# New Here



## Jazzy0707 (Jan 10, 2021)

Hi, I'm new here. About to start interviewing divorce atty's. I am trying to stay strong for my kids. I am lonely, scared, but trying to do my best. Married 32 years, with him 36 years and starting over seems like climbing Mt Everest. Here looking for friendship with others facing the same things.


----------



## joannacroc (Dec 17, 2014)

Welcome! I'm sorry you're going through this. Have found this forum full of empathetic people whose insight and support has been invaluable. When I was at my worst and felt lonely like you do now, it was helpful to see that others were going through the same thing. A few years on from my divorce, I feel much more fulfilled. There's still some lingering work on myself I need to do, but for the most part, I'm much happier without the enormous amounts of anxiety that come with an unhappy marriage. And that's what you can expect down the line too, I think, even though it feels terrifying right now. Stick around, keep posting.

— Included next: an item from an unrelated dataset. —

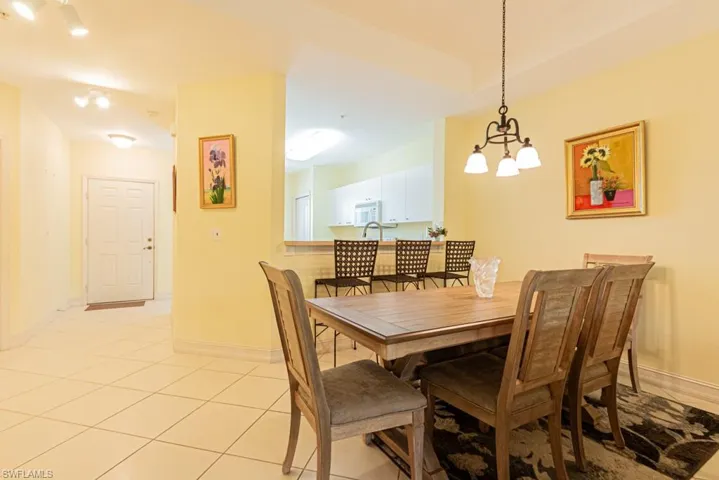 Dining space featuring a chandelier and light tile patterned floors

At the time, it all feels heart-breaking, but some of the advice here completely changed the way I look at the world and kept me accountable. Hope it helps you too. Sending love, friend.


----------



## So Married (Dec 18, 2020)

I just wanted to welcome you, although I'm sorry you're going through a bad time.


----------



## Spicy (Jun 18, 2016)

A big open armed welcome to you. Sorry for why you are here.


----------



## Diana7 (Apr 19, 2016)

Its not easy after such a long marriage to start again, my first marriage suddenly ended after 25 years, but I want to tell you that there really is life after divorce. After 6 years a single mum I met my now husband of 15 years. Life has been so much better since then.


----------



## Jazzy0707 (Jan 10, 2021)

joannacroc said:


> Welcome! I'm sorry you're going through this. Have found this forum full of empathetic people whose insight and support has been invaluable. When I was at my worst and felt lonely like you do now, it was helpful to see that others were going through the same thing. A few years on from my divorce, I feel much more fulfilled. There's still some lingering work on myself I need to do, but for the most part, I'm much happier without the enormous amounts of anxiety that come with an unhappy marriage. And that's what you can expect down the line too, I think, even though it feels terrifying right now. Stick around, keep posting. At the time, it all feels heart-breaking, but some of the advice here completely changed the way I look at the world and kept me accountable. Hope it helps you too. Sending love, friend.


thank you so much


----------



## Jazzy0707 (Jan 10, 2021)

Diana7 said:


> Its not easy after such a long marriage to start again, my first marriage suddenly ended after 25 years, but I want to tell you that there really is life after divorce. After 6 years a single mum I met my now husband of 15 years. Life has been so much better since then.


Thank you it is so scary


----------



## Jazzy0707 (Jan 10, 2021)

Spicy said:


> A big open armed welcome to you. Sorry for why you are here.


Thank you!


----------



## Jazzy0707 (Jan 10, 2021)

So Married said:


> I just wanted to welcome you, although I'm sorry you're going through a bad time.


Thank you!


----------